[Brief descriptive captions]
□ □ □ □ □ □ □

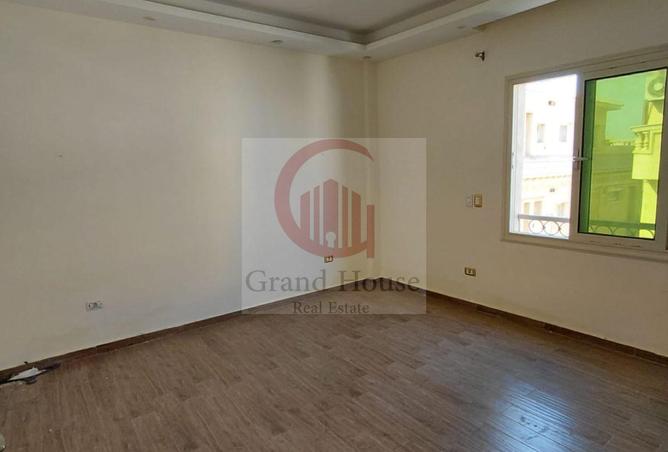 74321085 - Property Image 2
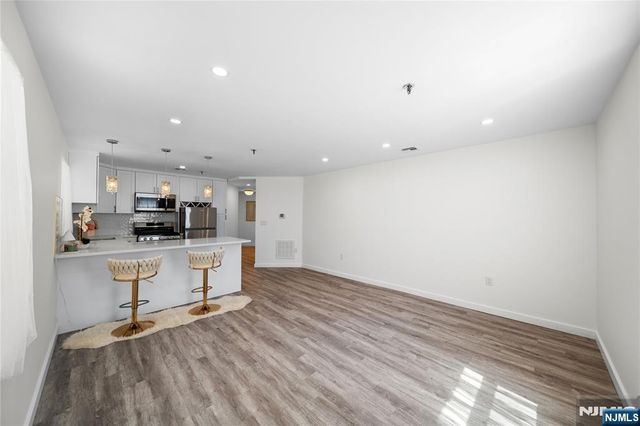 22 Engle Street 12, Englewood, NJ 07631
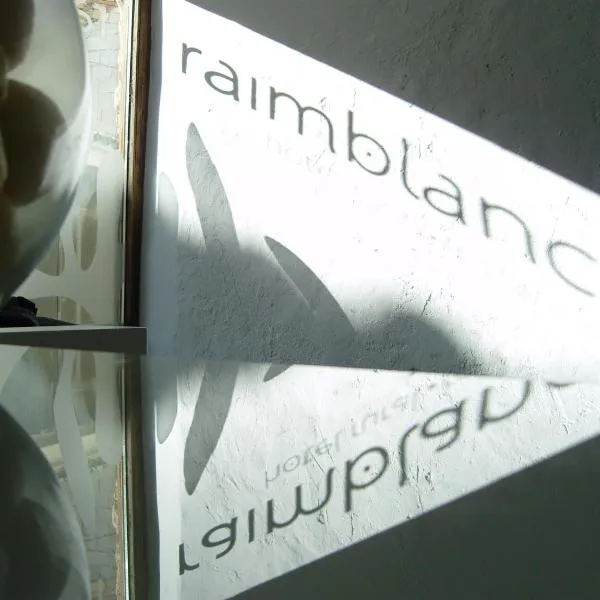 Hotel Raimblanc，位于卡夫列尔河畔比利亚戈多的酒店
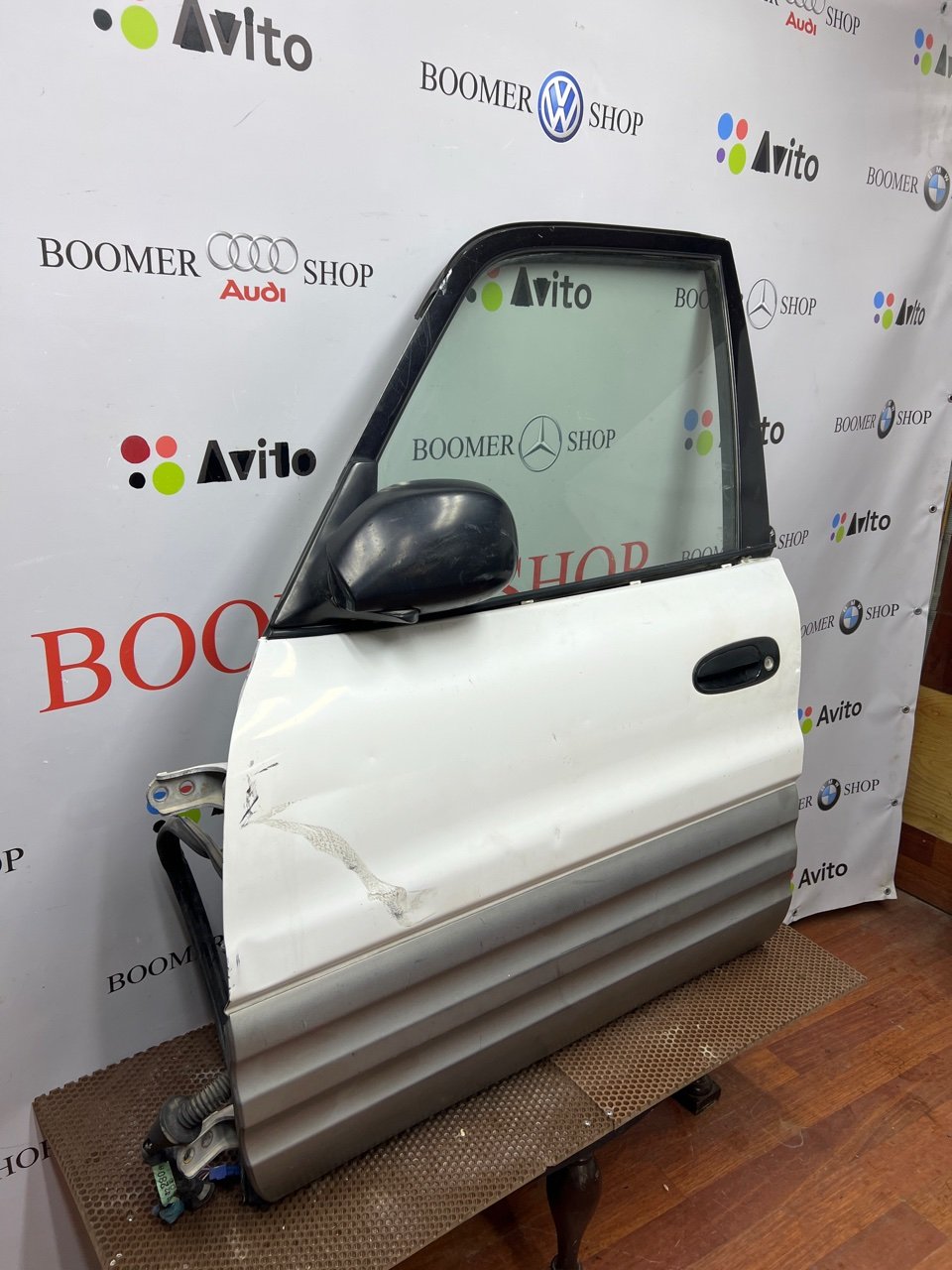 Дверь передняя левая RAV4 1998 XA10 Дверь передняя левая RAV4 1998 XA10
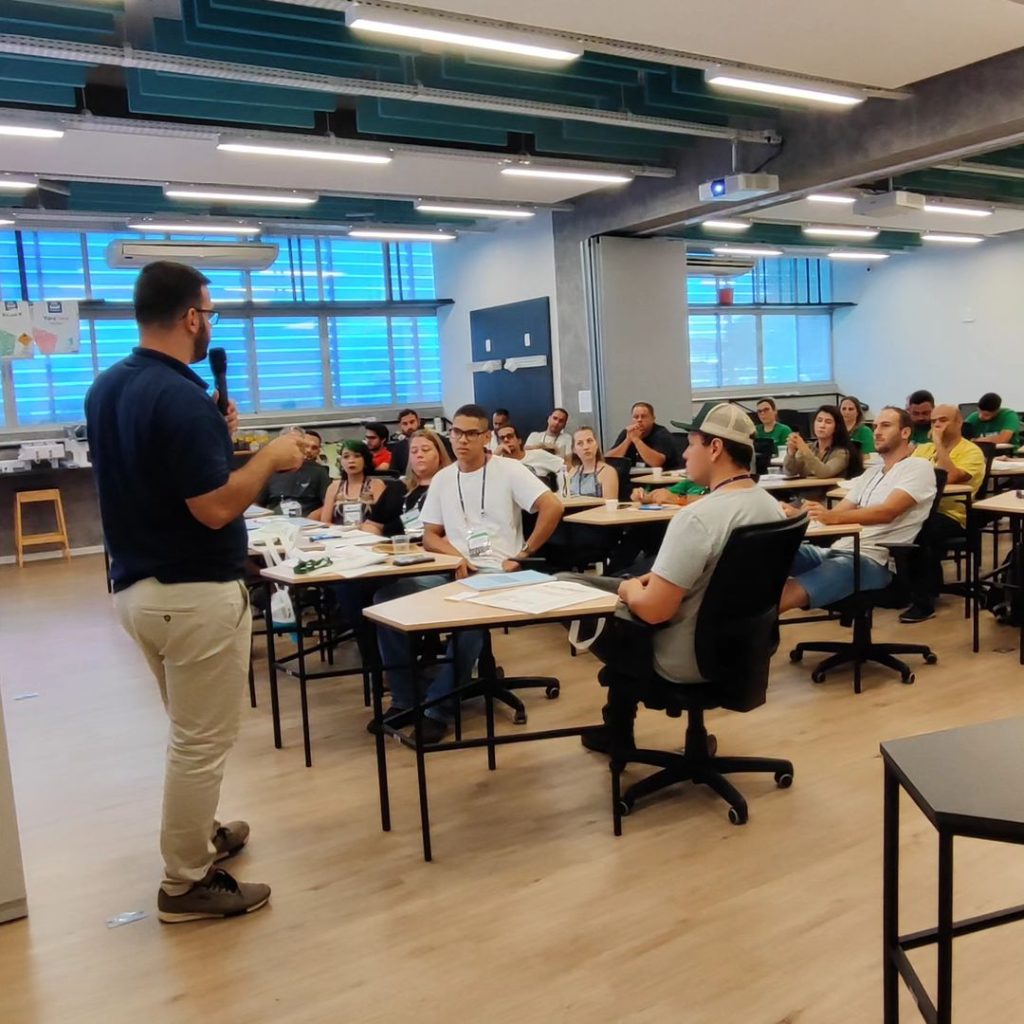 Palestra do Engenheiro Agrônomo Luciano Tartaro sobre conceitos fundamentais até técnicas avançadas de Hidroponia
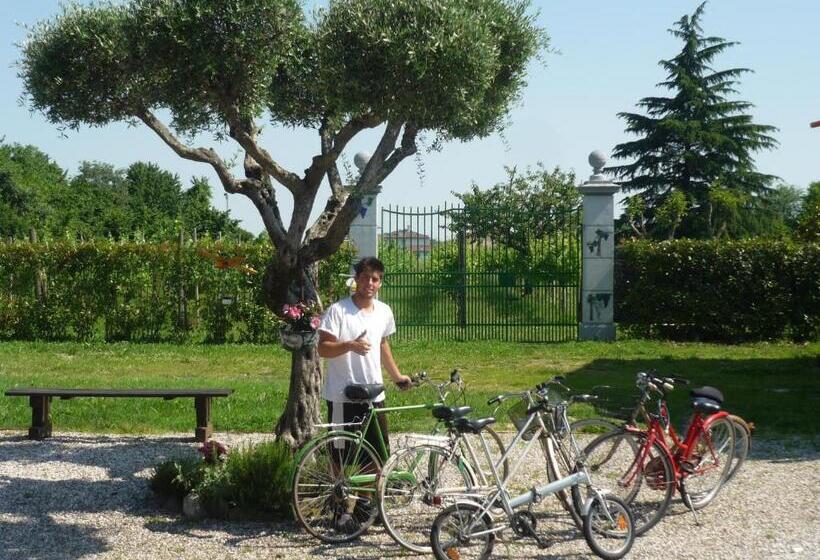 پانسیون Affittacamere Maria Stella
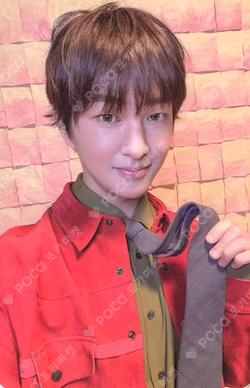 TOUGH LOVE HOTTRACKS ONEW photocard image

□ □ □ □ □ □ □

WORK REQUIRED: Please retype, exactly and only, the lines from the one holding "پانسیون Affittacamere Maria Stella" to the end of the entries, both ends included, without any pictures.

RESPONSE TO THIS EXERCISE:
 پانسیون Affittacamere Maria Stella
 TOUGH LOVE HOTTRACKS ONEW photocard image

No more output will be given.